- _The records_:
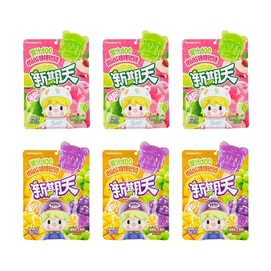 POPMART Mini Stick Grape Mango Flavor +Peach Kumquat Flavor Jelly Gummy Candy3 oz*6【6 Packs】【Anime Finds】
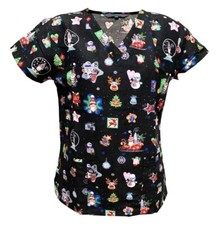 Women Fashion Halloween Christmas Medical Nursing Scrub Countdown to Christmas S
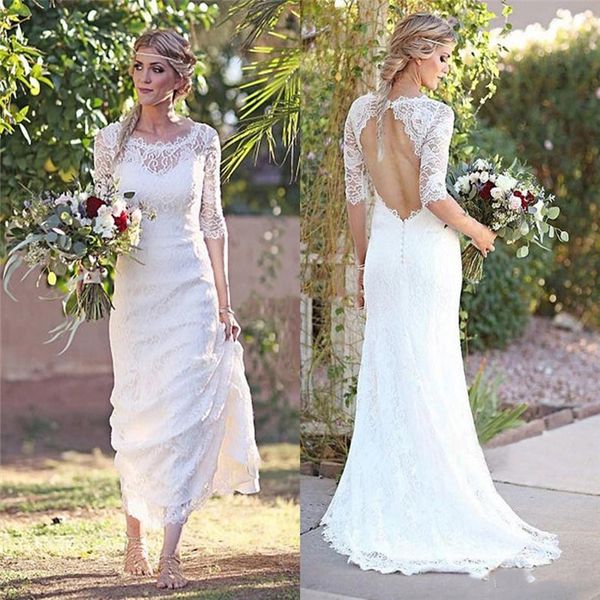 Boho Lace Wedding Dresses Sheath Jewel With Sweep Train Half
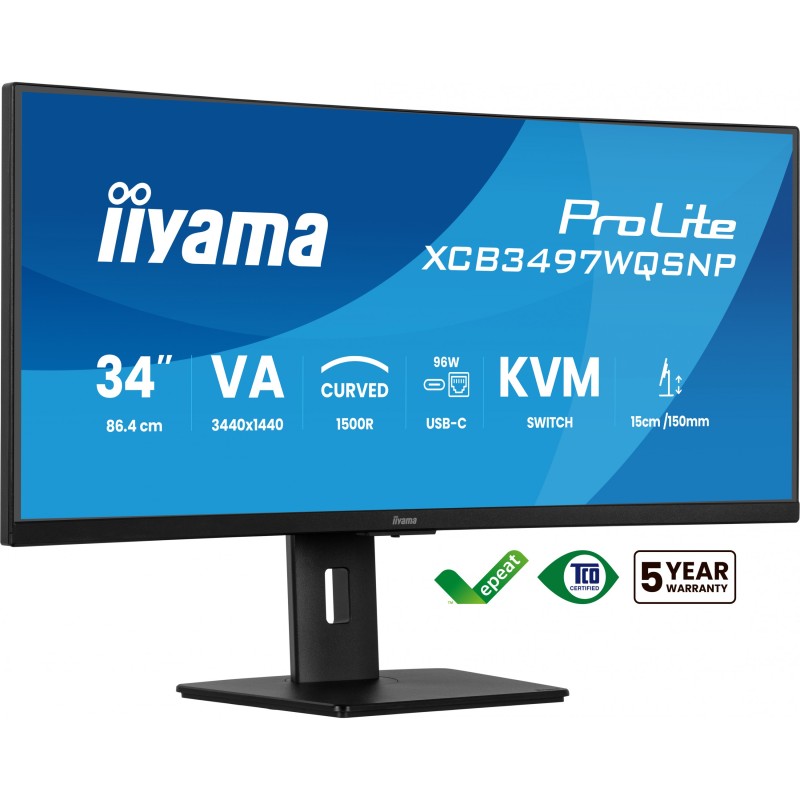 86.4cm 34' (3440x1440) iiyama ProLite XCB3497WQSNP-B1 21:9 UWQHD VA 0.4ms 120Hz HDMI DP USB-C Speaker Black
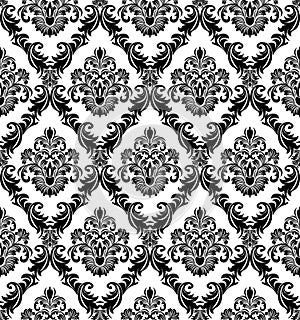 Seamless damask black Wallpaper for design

- _Directions for this task_:
When the line containing "Boho Lace Wedding" is reached, write out that line and each one after it exactly, ending with the last line of the records; pictures are not copied.

- _Exercise result_:
 Boho Lace Wedding Dresses Sheath Jewel With Sweep Train Half
 86.4cm 34' (3440x1440) iiyama ProLite XCB3497WQSNP-B1 21:9 UWQHD VA 0.4ms 120Hz HDMI DP USB-C Speaker Black
 Seamless damask black Wallpaper for design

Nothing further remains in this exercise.